Amón vivió en el límite luminoso del Espíritu. No hay registro de que alguna vez haya comprendido plenamente el cambio trascendental que ocurrió en su propia vida. No obstante, su vida fue un milagro. No actuaba motivado por la esperanza de una recompensa ni por la expectativa de obtener un cargo. Servía porque se había acercado tanto a la obra que era parte de ella, y ella parte de él. Era el tipo de misionero que el Señor podía utilizar en cualquier lugar y para cualquier propósito. Era el tipo de miembro de la Iglesia que hacía que todo funcionara mejor con solo estar presente. Sentía la responsabilidad de cuidar de los conversos, de hacerles sentir pertenencia e integrarlos a la sociedad. Fue alguien en quien el Señor confió, con todo lo que eso implica, y por eso pudo ser utilizado como instrumento.

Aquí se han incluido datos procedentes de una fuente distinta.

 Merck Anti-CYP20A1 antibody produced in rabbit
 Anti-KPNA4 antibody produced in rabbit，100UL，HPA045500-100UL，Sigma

Sospecho que Amón llegó a comprender que el Señor a menudo llama a personas a ciertos cargos debido a las bendiciones que desea darles. No todas las bendiciones son agradables; algunas son dolorosas. Algunas requieren crecimiento, paciencia y perspectiva para ser plenamente apreciadas. Amón aprendió que a veces el Señor prepara a Sus siervos para llamamientos futuros, y que muchas veces el verdadero valor y propósito de esa preparación no se revela sino hasta mucho después. Amón es un héroe genuino. Es un ejemplo para todos los que trabajan en ese campo que “ya está blanco para la siega”, y para todos los que lo han hecho o lo harán alguna vez.
Su historia nos alienta, a cada uno de nosotros, a preguntarnos: ¿cómo sería, después de una vida de dudas, encontrar la certeza? ¿Después de un período de orgullo y rebelión, descubrir maravillosamente a Dios? Amón vagó sin rumbo durante años antes de encontrar el propósito de su creación. Estaba en tinieblas y halló la luz; se desesperaba y encontró esperanza. Tras una búsqueda frenética y solitaria de placer, encontró paz. Aprendió lo que era dejar los errores atrás y comenzar de nuevo. Aprendió a conocer el amor de Cristo, a oír la voz apacible y delicada por primera vez. Aprendió las alegrías del servicio. Aprendió a recibir respuestas a la oración.
Imagina lo que sería tener las experiencias que tuvo Amón. Imagina lo que sería llevar estos dones invaluables a los demás.